Il cligna des yeux à plusieurs reprises avant de hausser les sourcils, ils étaient bien fournis, si bien que son étonnement était immanquable et obligea Lorelei à se justifier.
— Ce n'est pas que cela me dérange, au contraire, mais… enfin, cela va faire un an que je travaille pour vous, Monsieur et que vous m'avez sortie de ma misère et je… enfin, c'est la première fois que je vous vois réjoui pour quoi que ce soit…
Ses cils bâtèrent à nouveau, aussi vite que les ailes d'un papillon, il marqua une pause pour dévisager la gamine, l'air penaud face à lui avant de s'esclaffer d'un rire tonitruant.
— M'enfin… À ma place, tu serais aussi joyeux ma petite. Je me réjouis, car la tannerie et la boutique du tailleur à l'autre bout de la ville vient d'être reprise ! Fini le travail à n'en plus finir.

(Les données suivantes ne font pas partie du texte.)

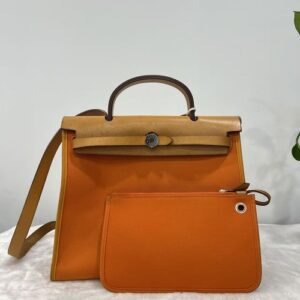 Hermes Herbag Zip Top Handle Bag Orange Canvas Leather Vintage Collector Auth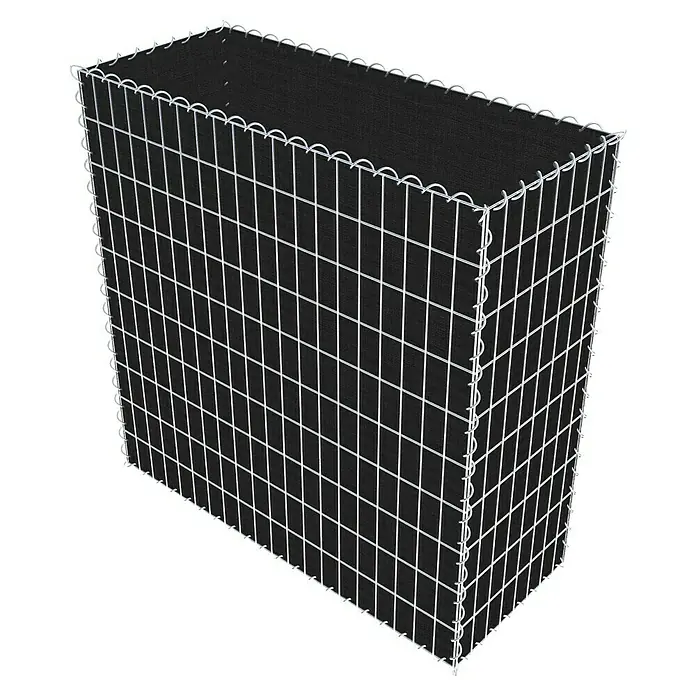 Gabiona Gabione - 100 x 40 x 100 cm, Maschenbreite: 5 cm, Maschenhöhe: 10 cm, Bepflanzbar - Produktansicht eines Gabionenkörbe mit schwarzem Vlies. Die Steinkörbe sind vielseitig einsetzbar und dekorativ im Garten.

— Mais… Et c'est cela qui vous met en joie ?
— Évidemment ! À mon âge, fillette, avoir du travail par-dessus la tête, ce n'est pas bon, je veux juste pouvoir finir mes jours convenablement en travaillant ce qu'il faut, rassure-toi, il y a bien assez de travaux pour eux comme pour nous, avec la garnison, la noblesse, les marchands, les voyageurs…
Lorelei fit la moue en pesant et comprenant les raisons de son maître, il était indéniable qu'il prenait de l'âge, elle le voyait régulièrement souffrir, du dos, de ses mains, de ses jambes et la toux le prenait chaque fin de journée. Elle hocha la tête en lui offrant un petit sourire qui la rajeunit encore plus.
— Je comprends, maître Al'Kohan, en tout cas, je pourrais m'habituer à cette humeur-là ! Conclut-elle en attrapant un balai pour poursuivre ses tâches.